Courtesy New England Dairy
Lots of opportunities to use local Vermont products in this recipe. Enjoy!
Ingredients
- 4 Vermont grown apples – your choice (peeled or unpeeled)
- ¼ cup unsweetened apple juice or apple cider
- ¼ cup brown sugar
- 2 tablespoons cornstarch
- ½ teaspoon cinnamon
- ¼ teaspoon nutmeg
- ¼ teaspoon salt
Yogurt Topping:
- 2 ½ cups low-fat plain yogurt
- 1 tablespoon honey
- ¼ teaspoon cinnamon
Instructions
- Preheat oven to 350 degrees Fahrenheit.

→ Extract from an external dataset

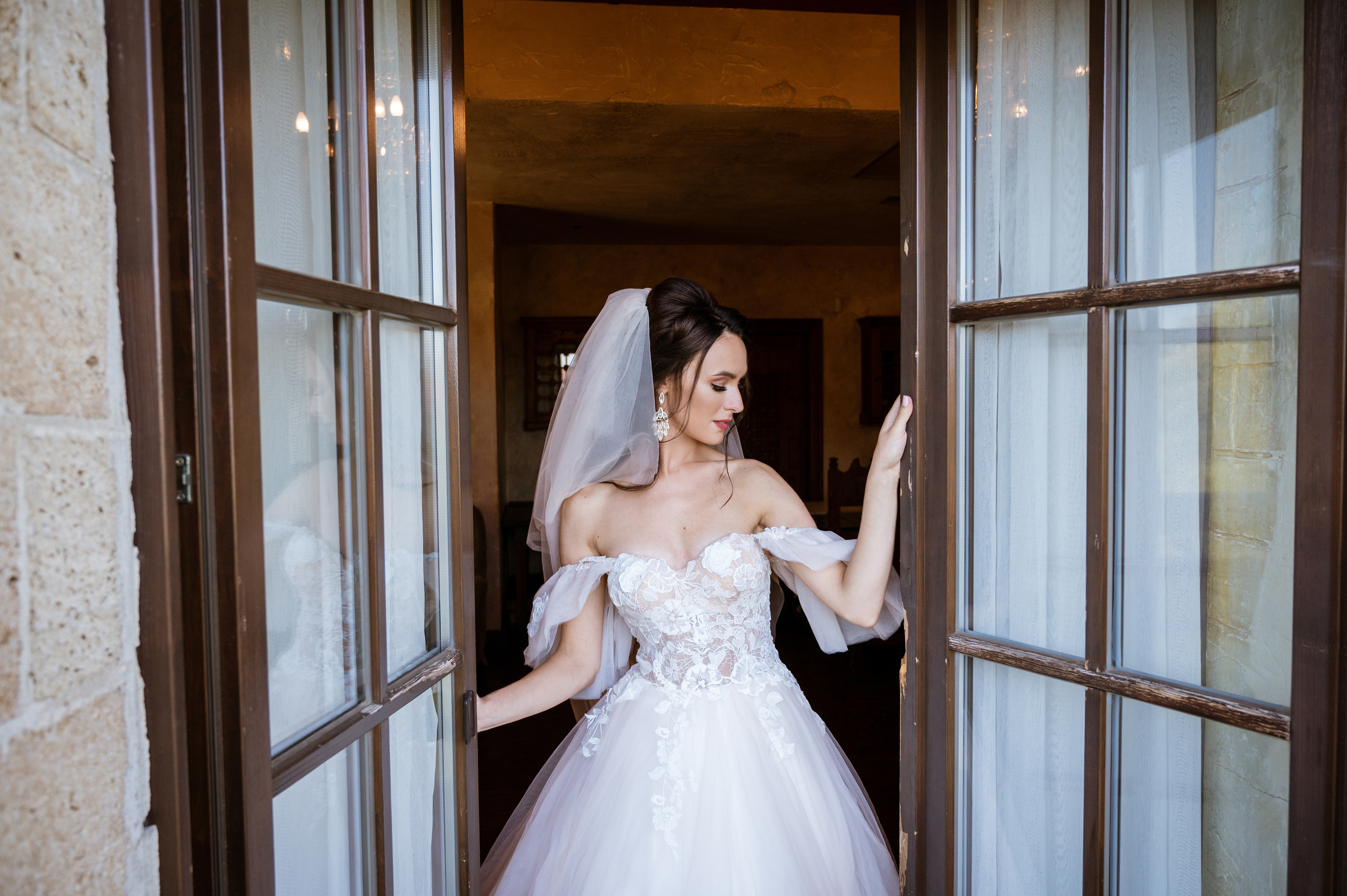 15. 09.19 Александр и Юлия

Spray an 8×8-inch baking dish with nonstick cooking spray; set aside.
- Core and thinly slice apples. Place apples in a medium bowl and toss with apple juice. Mix brown sugar, cornstarch, cinnamon, nutmeg and salt together in a small bowl. Sprinkle over apples and stir gently until apples are coated.
- Pour apples into prepared baking dish. Bake 40 minutes or until apples are slightly browned at edges and sauce is bubbling.
- For the cinnamon yogurt topping: Line a colander with several paper towels and place over a bowl to catch drips. Pour yogurt into colander and allow to drain, refrigerated, about 30 minutes. Spoon yogurt into a small bowl and stir in honey and cinnamon. For each serving, top 1/4 of the warm apples with 1/4 of the yogurt topping.